Jesus offers a succinct summary of the message of Torah: “You shall love the Lord your God with all your heart, and with all your soul, and with all your mind. This is the greatest and first commandment. And the second is like it: You shall love your neighbor as yourself. On these two commandments hang all the law and the prophets” (Mt 22:37-40). Jesus’s reordering requires displacing the territorial kingdoms, the great empires, as objects of ultimate loyalty.
Jesus’s agenda puts him in direct conflict with Rome. However, he based his challenge on love and compassion, healing and mercy, welcome and respect. He did not try to replace the structures of domination through the violence of most revolutionaries. He challenges his listeners to be servants of the vulnerable and generous toward all (see Mk 10:42-45).
The story’s dark turn—and its reversal
As the gospels recount Jesus’s ministry, the hostility of the Powers always lurks. Jesus prepared his followers. “If any want to become my followers, let them deny themselves and take up their cross daily and follow me” (Lk 9:23-24). “Take up the cross” meant live mercifully even in face of opposition. People knew the “cross” as the empire’s method of execution. The empire used it against people seen as threats to its security and dominating power. Jesus’s work will inevitably be seen as a threat to the empire. He “set his face to go to Jerusalem” (Lk 9:51). The kingdom Jesus embodies will clash with the status quo kingdom of Rome and its Judean collaborators. This clash will result in Jesus’s death—but death will not have the final word.
Jesus faced major conflicts with three main groups of opponents: the Pharisees over proper understandings and applications of the Law (Torah); the Sadducees over the authority of the Temple and its role in the people’s lives; and the Roman Empire and its governor in Jerusalem, Pontius Pilate, over Jesus’s messianic identity.
Jesus taught that the law’s deeper meaning (i.e., mercy) allows for flexibility in how the details are practiced, as long as we serve human well-being. The Pharisees practiced a strict consistency, assuming that each piece of the regulation carries equal weight and that to violate one is to violate the whole. Jesus challenged the Pharisees’ practices and offered welcome and forgiveness to those who the Pharisees excluded and declared unclean. Jesus challenged temple religion when he pronounced people forgiven. When he bypassed the temple’s role in the process of dealing with sins, he drew the ire of the temple leaders. When he performed the symbolic act of driving money changers out of the temple, the temple leaders arrested him and convicted him of blasphemy. They then turned him over to the Roman governor, Pilate, in hopes that he would be executed. When Jesus proclaimed the kingdom of God, he directly challenged Rome. He echoed the earlier prophetic critiques of the great empires and of Israel’s accommodation to the empires’ ways. He believed his own work would inaugurate this kingdom. When he did not accept the empire’s claims to bring the “gospel” (good news) of peace, he rejected the claim that empire acts on behalf of God.

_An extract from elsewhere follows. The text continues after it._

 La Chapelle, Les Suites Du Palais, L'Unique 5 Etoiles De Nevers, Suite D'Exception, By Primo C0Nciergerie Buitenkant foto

With Jesus’s death, it appeared that God had been defeated by the almighty empire of the day. Jesus’s followers scattered in despair. However, the violence of the empire did not have the final say. Jesus refused to stay dead. He appeared to his followers on the third day after his execution and called them to regather and continue his work. When God raised Jesus from the tomb, God emphasized that Jesus’s life reflected God’s will for humankind. God absorbed the violence of the empire. God nonviolently kept the promise alive. The structures and ideologies that buttress empire and religious institutions and cultural exclusivism combined to fight against Jesus’s expression of God’s kingdom. In doing so, they did not act as God’s agents as they claimed. Jesus’s resurrection shows these claims of the elites to be exactly wrong. They do not act on God’s behalf when they kill Jesus (or any other similar prophet); rather they rebel against God. The revelation of that rebellion can help all with eyes to see to turn from trusting in those elites and their structures of power.

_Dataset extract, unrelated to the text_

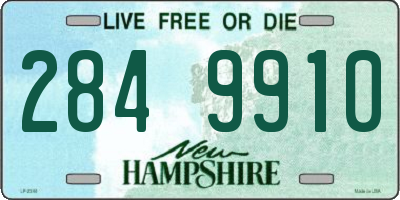 NH license plate 2849910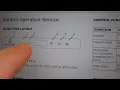 Access Service Menu on U-Line Ice Maker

Jesus’s nonterritorial politics
The politics of the Bible are a politics of justice and peace, not domination and coercion. Jesus relativizes the Roman Empire (and all other nation-states). He embodies the heart of Torah —a message of special care for the vulnerable members of the community; a message of forgiveness and compassion as core political values rather than competition and domination; and a message of an economics of generosity and equality, not selfishness and social stratification. The Powers—the ruling structures of Jesus’s world—presented themselves as God’s agents and demanded people’s loyalty as such. Their deadly response to Jesus, though, reveals them to be rebels against God. Jesus’s steadfast embodiment of God’s love revealed these Powers to be idols and to be unworthy of human loyalty and trust.
When God raised Jesus from the dead, God vindicated Jesus’s politics of compassion and service. He embodies God’s will for all humanity. Jesus reinforced the message of the Old Testament that territorial kingdoms stand in tension with God’s will for human social life. Jesus helps us imagine a nonterritorial politics. The Bible’s concluding text, the book of Revelation, fuels such imagining, as we will see in our next post.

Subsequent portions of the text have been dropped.